De Beers Searches the African Seabed for Diamonds

  • Miner invests $157 million on ship to explore Namibia’s coast
  • That’s where De Beers finds some of its highest value diamonds

An employee inspects unpolished diamonds at the De Beers SA headquarters on Charterhouse Street in London on Feb. 1, 2017.

Photographer: Simon Dawson/Bloomberg

De Beers finds some of its most valuable diamonds on the Atlantic Ocean seabed off the coast of Namibia, and it’s betting there are a lot more to be discovered.

The world’s biggest diamond producer has spent $157 million on a state-of-the-art exploration vessel that will scour 6,000 square kilometers (2,300 square miles) of ocean floor for gems, an area about 65 percent bigger than Long Island. The Anglo American Plc unit mines in the area in a 50-50 joint venture with the Namibian government.

The vessel will scan and sample the seabed to identify the most profitable areas for De Beers’s ships, which suck up diamonds before they’re flown by helicopter to the shore. The strategy will help the company maintain annual production of at least 1.2 million carats for the next 20 years, Chief Executive Officer Bruce Cleaver said in an interview.

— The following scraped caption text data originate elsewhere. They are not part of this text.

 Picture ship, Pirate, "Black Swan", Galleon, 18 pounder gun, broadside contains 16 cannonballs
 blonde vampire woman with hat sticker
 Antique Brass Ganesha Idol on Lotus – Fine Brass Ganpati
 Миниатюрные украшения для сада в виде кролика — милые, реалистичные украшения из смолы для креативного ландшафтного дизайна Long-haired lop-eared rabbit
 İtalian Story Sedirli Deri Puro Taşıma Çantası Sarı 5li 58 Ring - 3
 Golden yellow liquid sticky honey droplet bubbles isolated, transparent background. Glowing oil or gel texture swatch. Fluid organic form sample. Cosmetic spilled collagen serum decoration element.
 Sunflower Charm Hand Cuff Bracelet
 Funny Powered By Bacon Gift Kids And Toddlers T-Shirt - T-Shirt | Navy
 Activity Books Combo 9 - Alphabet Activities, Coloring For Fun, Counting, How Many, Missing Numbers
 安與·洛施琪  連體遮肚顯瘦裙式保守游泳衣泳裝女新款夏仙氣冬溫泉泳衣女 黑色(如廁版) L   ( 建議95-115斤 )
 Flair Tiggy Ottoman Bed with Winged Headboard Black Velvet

Those stones are “very important to our global mix and to our customers who are looking for higher-value diamonds,” Cleaver said.

Namibia’s diamonds, which have been washed down the Orange River from South Africa over millions of years and deposited in the ocean, are key to De Beers because of their high quality. While not the biggest, the gems have few flaws after being broken from larger stones on their way to the sea bed. Only the strong and good quality ones survive, Cleaver said.

De Beers’s Namibian unit sold its diamonds for $528 a carat last year, much higher than the $187 average for the whole company’s stones and accounting for about 13 percent of total earnings.